For array elements (like OIDC clients or proxy mappings), the item’s name or app field becomes part of the variable name:

HEXON_<SECTION>_<ARRAY>_<ITEMNAME>_<KEY>

Item names are sanitized: uppercased, non-alphanumeric characters replaced with underscores.

TOML Field	Environment Variable
`[[authentication.oidc.clients]]` name=“MyApp” → `client_secret`	`HEXON_AUTHENTICATION_OIDC_CLIENTS_MYAPP_CLIENTSECRET`

Important: Only items already defined in the TOML file can be overridden via environment variables. You cannot create new array items with env vars — define them in TOML first, then override specific fields.

Type Conversion

Environment variables are automatically converted to the correct type:

Type	Format	Example
String	As-is	`HEXON_SERVICE_HOSTNAME=access.example.com`
Integer	Numeric	`HEXON_SERVICE_PORT=8443`
Boolean	`true`/`false`, `1`/`0`, `yes`/`no` (case-insensitive)	`HEXON_CLUSTER_CLUSTER_MODE=true`
Duration	Go duration string	`HEXON_BASTION_SESSION_TTL=8h`
Array	Comma-separated	`HEXON_SERVICE_PROXY_CIDR=10.0.0.0/8,172.16.0.0/12`

Template Substitution

Embed arbitrary environment variable names directly in TOML values using ${VAR} syntax:

[authentication.oidc.clients]
name = "my-app"
client_secret = "${VAULT_OIDC_SECRET}"

[smtp]
password = "${SMTP_PASSWORD}"

This lets operators use their own naming conventions (e.g., Vault-injected secrets) without being constrained to the HEXON_* prefix.

Rules:

Pattern: ${VARNAME} — braces are required ($VAR without braces is not expanded)
Unset variables are left as the literal string ${VARNAME}
No recursive expansion
Variable names must match [a-zA-Z_][a-zA-Z0-9_]*

GitOps Variables

These dedicated environment variables control Git-based configuration loading:

Variable	Description	Default
`CONFIG_GIT_REPO`	Repository URL (HTTPS or SSH)	—
`CONFIG_GIT_BRANCH`	Branch name	—
`CONFIG_GIT_PATH`	Local clone path	`/tmp/hexon-config`
`CONFIG_GIT_POLLING`	Enable remote polling	`false`
`CONFIG_GIT_POLLING_TIME`	Polling interval (min: 30s)	`5m`
`CONFIG_GIT_USER`	HTTPS authentication username	—
`CONFIG_GIT_TOKEN`	HTTPS authentication token/PAT	—
`CONFIG_GIT_SSH_KEY`	SSH private key (inline PEM or file path)	—

Directory-Based Config

Pass a directory path instead of a file:

./hexongateway -config /etc/hexon/conf.d/

All *.toml files are merged recursively in alphabetical order:

Maps merge recursively (nested sections combine)
Arrays concatenate (proxy mappings from multiple files combine)
Scalars use last-wins (later files override earlier ones)
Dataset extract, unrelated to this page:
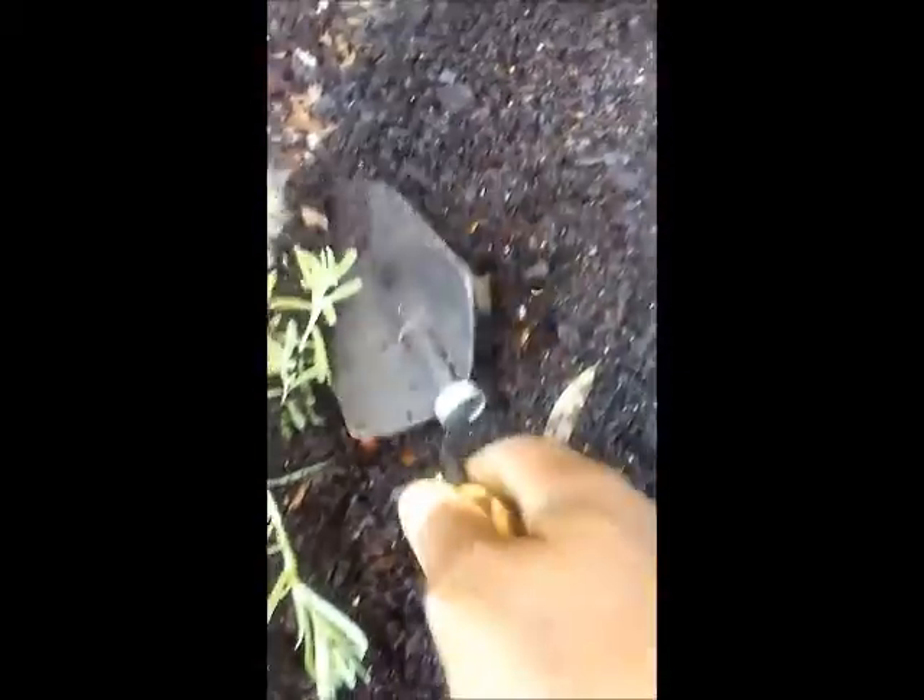I can just use my hands — it doesn't hurt to use my hands. So this here is all you've got to do: go down and cover this up. We're smoothing this soil out, trying to hold the camera and do this at the same time.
Use numeric prefixes to control ordering:

/etc/hexon/conf.d/
  00-base.toml          # Core service config
  10-identity.toml      # LDAP/SCIM identity
  50-proxy.toml         # Proxy mappings
  90-overrides.toml     # Environment-specific overrides

World-writable files (chmod 0002) are rejected for security.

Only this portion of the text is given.